Starting with the line that contains "Specialities: 250 SBAs", repeat exactly every line through the last one in the records below, and leave out the pictures.

Dataset entries: Begin

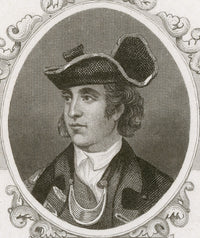 General John Sullivan Poster Print by Science Source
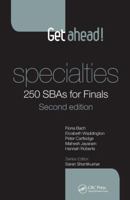 Specialities: 250 SBAs for Finals (Get Ahead!) 1138455032 Book Cover
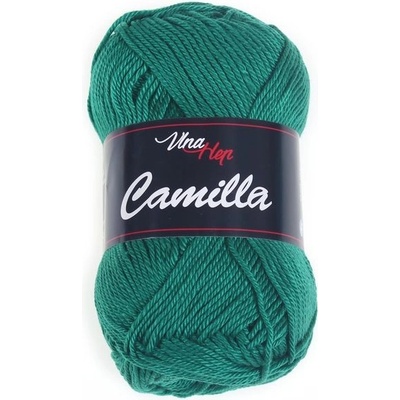 Příze Camilla 8142 zelená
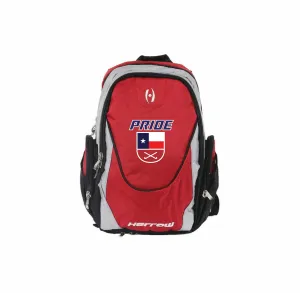 Large Crest Backpack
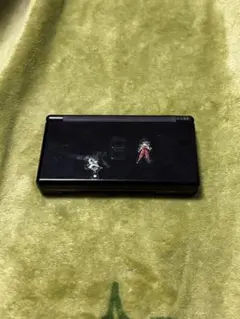【動作確認済】Nintendo DS Lite ブラック（タッチペン付）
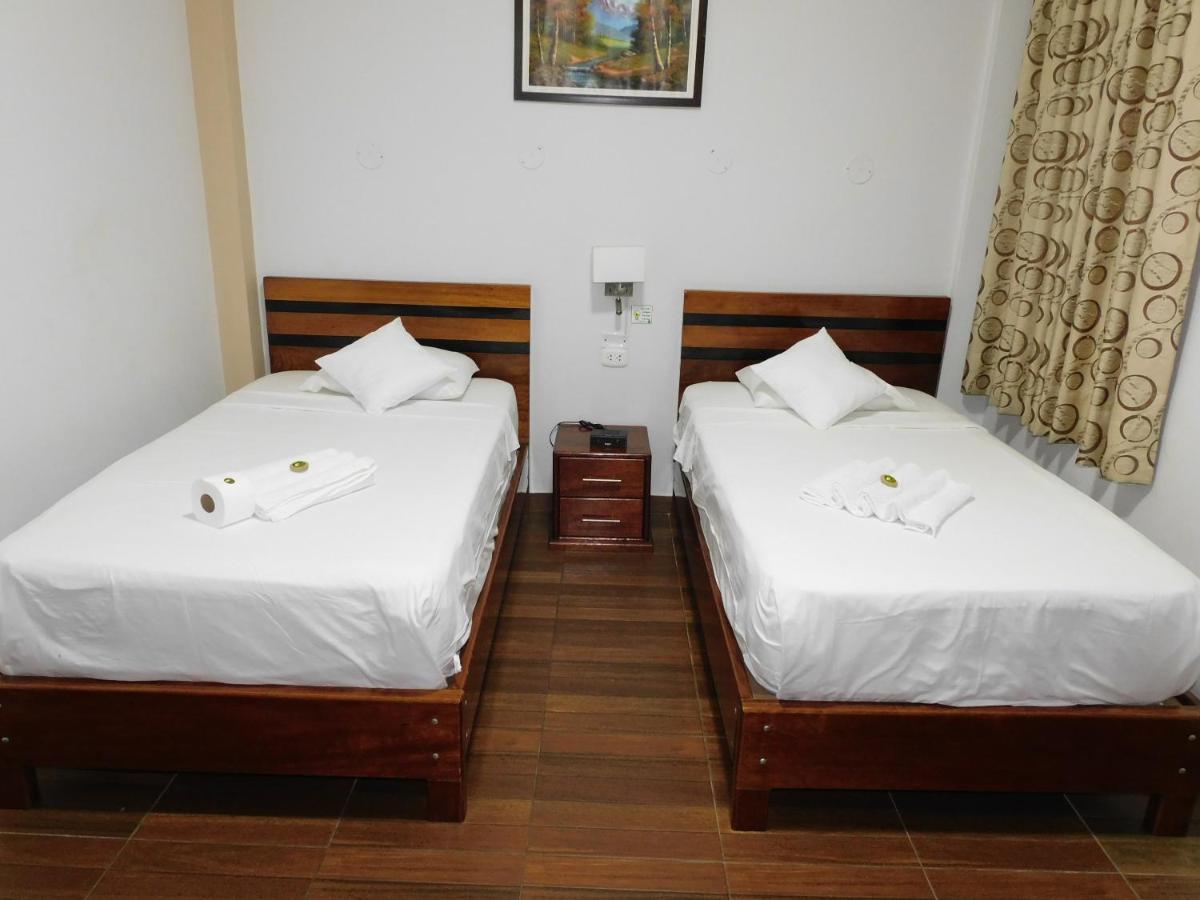 Hotel Tambopata Inn 푸에르토말도나도 외부 사진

Dataset entries: End

## Written response
 Specialities: 250 SBAs for Finals (Get Ahead!) 1138455032 Book Cover
 Příze Camilla 8142 zelená
 Large Crest Backpack
【動作確認済】Nintendo DS Lite ブラック（タッチペン付）
 Hotel Tambopata Inn 푸에르토말도나도 외부 사진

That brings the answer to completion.